The singing soldier from "America's Got Talent" didn't make the show's final round, but he's not about to stop singing.

The soldier part, though, will end sooner rather than later.

"I am currently in the process of getting out of the military," Pfc. Paul Ieti said via email through an Army public affairs officer Sept. 5, answering Army Times' questions for the first time since being eliminated from the NBC competition late last month. "It's been a great three years and an experience of a lifetime meeting new friends, seeing new places and learning so much about the importance of life and discipline."

"I love the military," he added, "but with the God given talent I have, I know there's more out there for me to use it with and to share with the world."
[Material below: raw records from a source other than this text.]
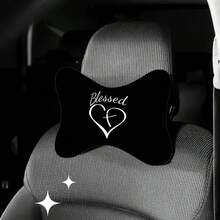 1 chiếc gối tựa đầu hình trái tim in hình lời chúc phúc cho ô tô, gối kê cổ ghế ô tô có ruột nhồi, đệm cổ mềm mại dùng được cả bốn mùa, có thể tháo rời và giặt được, phù hợp với mọi loại xe (Sedan, xe tải, xe van, SUV) - Lời chúc hình trái tim - Xem 8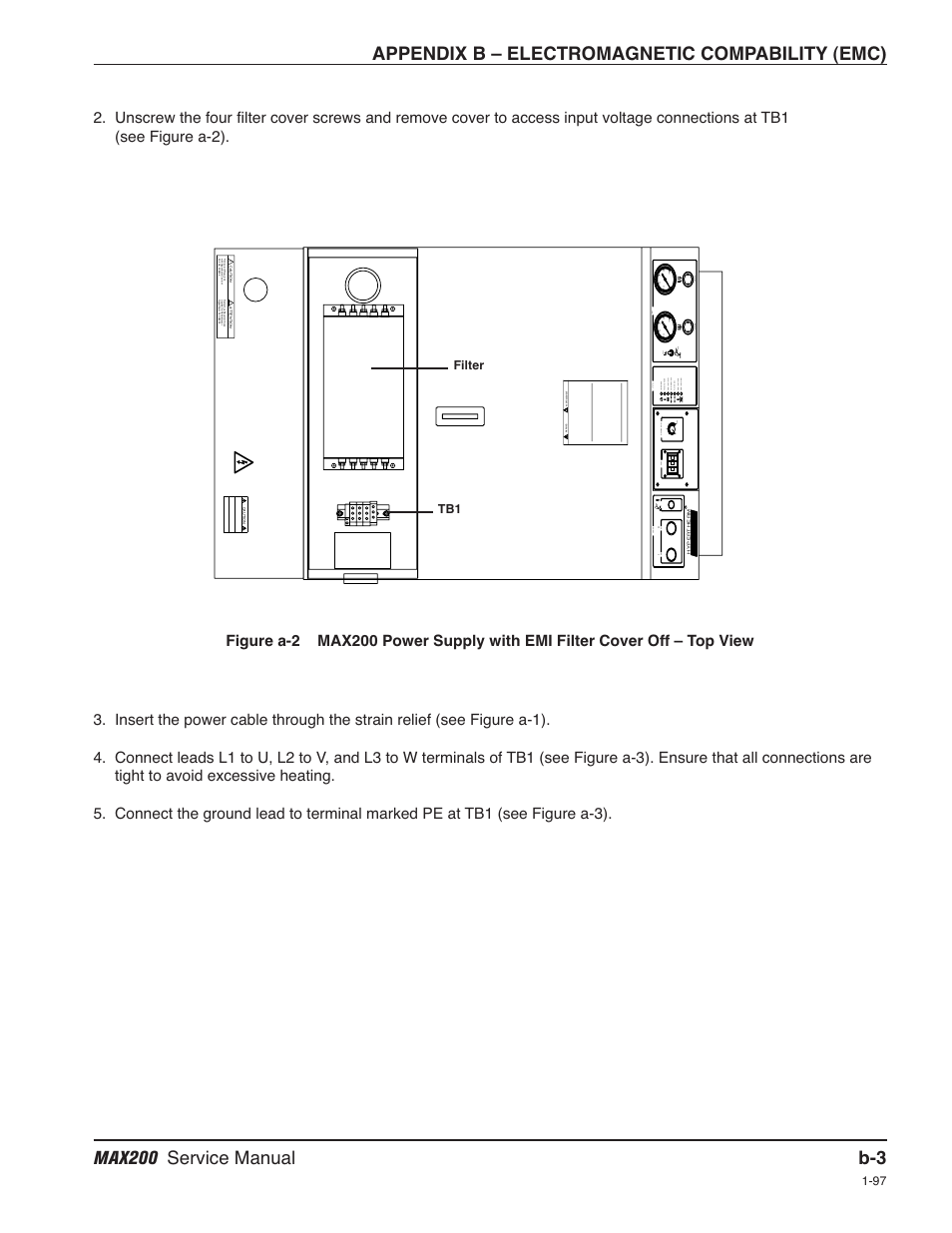 Max200 service manual b-3, Appendix b – electromagnetic compability (emc) | Hypertherm MAX200 Service Manual User Manual | Page 187 / 211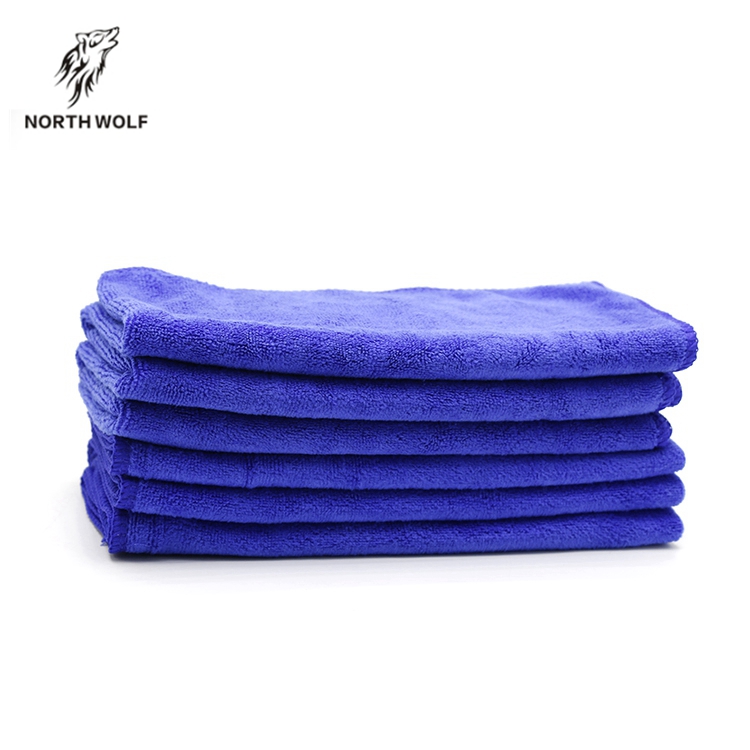 China wholesale Waxing Applicator - Blue Car Cleaning Microfiber Towel – North Wolf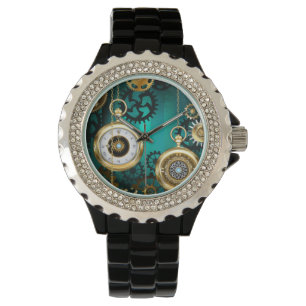 Steampunk Jewelry Watch on a Green Background Horloge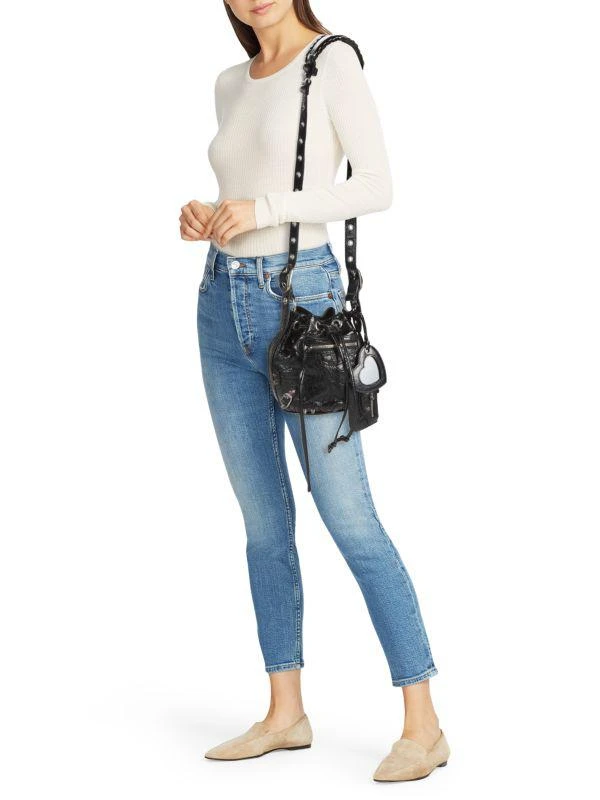 Balenciaga Crinkle Leather Crossbody Bucket Bag 2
Ieti, a petroleum supply specialist based out of Georgia's Hunter Army Airfield with A Company, 603rd Aviation Support Battalion, 3rd Combat Aviation Brigade, 3rd Infantry Division, got knocked off the show Aug. 27, the night after singing his version of the Backstreet Boys hit "I Want It That Way." The show's four judges offered less-than-glowing reviews, and Ieti didn't earn enough votes from viewers to move on.

The 21-year-old's strongest memory of the talent-show experience was a much different moment with the judges: The reactions of model Heidi Klum, former Spice Girl Mel B and radio legend Howard Stern to his audition, a cover of Rihanna's "Stay" that already had turned Ieti into a minor YouTube celebrity.

"The moment that really stood out the most was when three of the judges came up to the stage and gave me hugs while the crowd went crazy," he said. "It was all so amazing. ... The whole experience all felt like a dream and I didn't want to wake up."

The fourth judge, comedian How­ie Mandel, elicited cheers from the crowd before the audition by asking Ieti what he did for a living.

"I'm a soldier in the U.S. Army," Ieti replied, going on to explain that he'd just returned from a deployment to Afghanistan.

Support from soldiers

Ieti's audition earned him a trip to "Judgment Week" with other top performers. His rendition of the Rascal Flatts hit "Bless the Broken Road" punched his ticket to the quarterfinals, where he covered One Direction's "You and I" in a live performance at New York's Radio City Music Hall.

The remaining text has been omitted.